Maybe you were thinking if it had frost on it still like sometimes this time of year here there will be mornings with frost on the greenery growing around. My goats won't eat it if it has frost on it so maybe they know something we don't. 
If's rained too much mine don't like that either. They don't want to walk through anything puddled up or mud. I think they are spoiled.


----------



## Mummyhen (Nov 11, 2020)

Hi, Iam a new goat Mummy, nearly one month now, got two pgymy kids (one wether one doe) 6 months old, yes I fret like having new born babies, they are not as easy to care for as I thought, although I just worry of all the things that can make them sick☹
Iam learning fast, but paranoid too on collecting berries, checking their hooves and bum daily....how sad is that 😂 anyway perhaps too much reading is not always good, take care. I have lots of unanswered questions


----------



## Alice In TX/MO (May 10, 2002)

Yes. You are reading too much. There is NO REASON to check hooves daily. Unless you have them in a TINY goat pen, there is no reason to pick up goat poo daily.

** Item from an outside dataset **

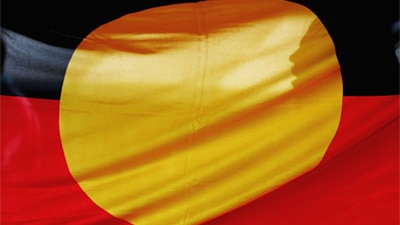 Australian Aboriginal flag with a woman silhouetted behind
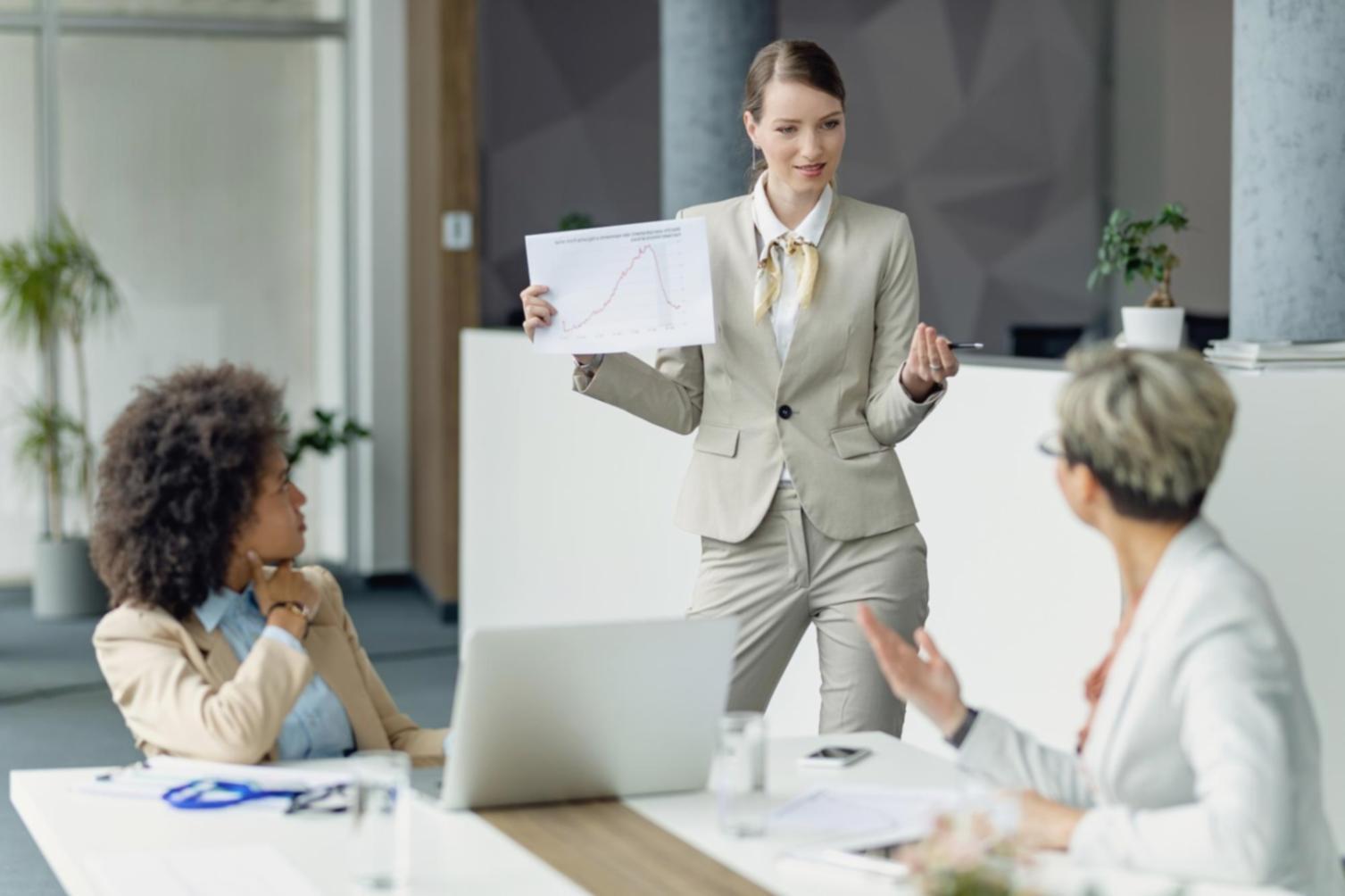 Business professionals analyzing financial charts and presentation slides in a modern Australian office environment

Give yourself a break. Imagine how pioneers managed their livestock. Work smart, not hard.


----------



## wil14 (Sep 13, 2020)

Mummyhen said:


> Hi, Iam a new goat Mummy, nearly one month now, got two pgymy kids (one wether one doe) 6 months old, yes I fret like having new born babies, they are not as easy to care for as I thought, although I just worry of all the things that can make them sick☹
> Iam learning fast, but paranoid too on collecting berries, checking their hooves and bum daily....how sad is that 😂 anyway perhaps too much reading is not always good, take care. I have lots of unanswered questions


They're still rather sweet at 6 months aren't they? Goats for the most part sniff things to tell if they seem good to eat. I let them browse whatever they want and wonder around the farm during the day. It's unlikely you'll have any problems or need to worry about poisonous this or that.


----------



## Mummyhen (Nov 11, 2020)

wil14 said:


> They're still rather sweet at 6 months aren't they? Goats for the most part sniff things to tell if they seem good to eat. I let them browse whatever they want and wonder around the farm during the day. It's unlikely you'll have any problems or need to worry about poisonous this or that.


Hi,
Just an update, yes I've stopped reading up bit more, and gone by my instinct, all going well so far, kids still cute and adorable, feel lot more confident now, especially reading on this forum, you all are brilliant, thank you and take care


----------



## Lidy (Feb 12, 2021)

jil101ca said:


> I don't know about rain but I did read that you should feed hay and let the morning dew dry when the grass first starts to grow and is very lush to prevent bloat. Could this be what your are thinking of? Does anybody follow that advice?


That exactly what I heard a farmer say, and I led me to ask since is bad is wet grass from rain bad


----------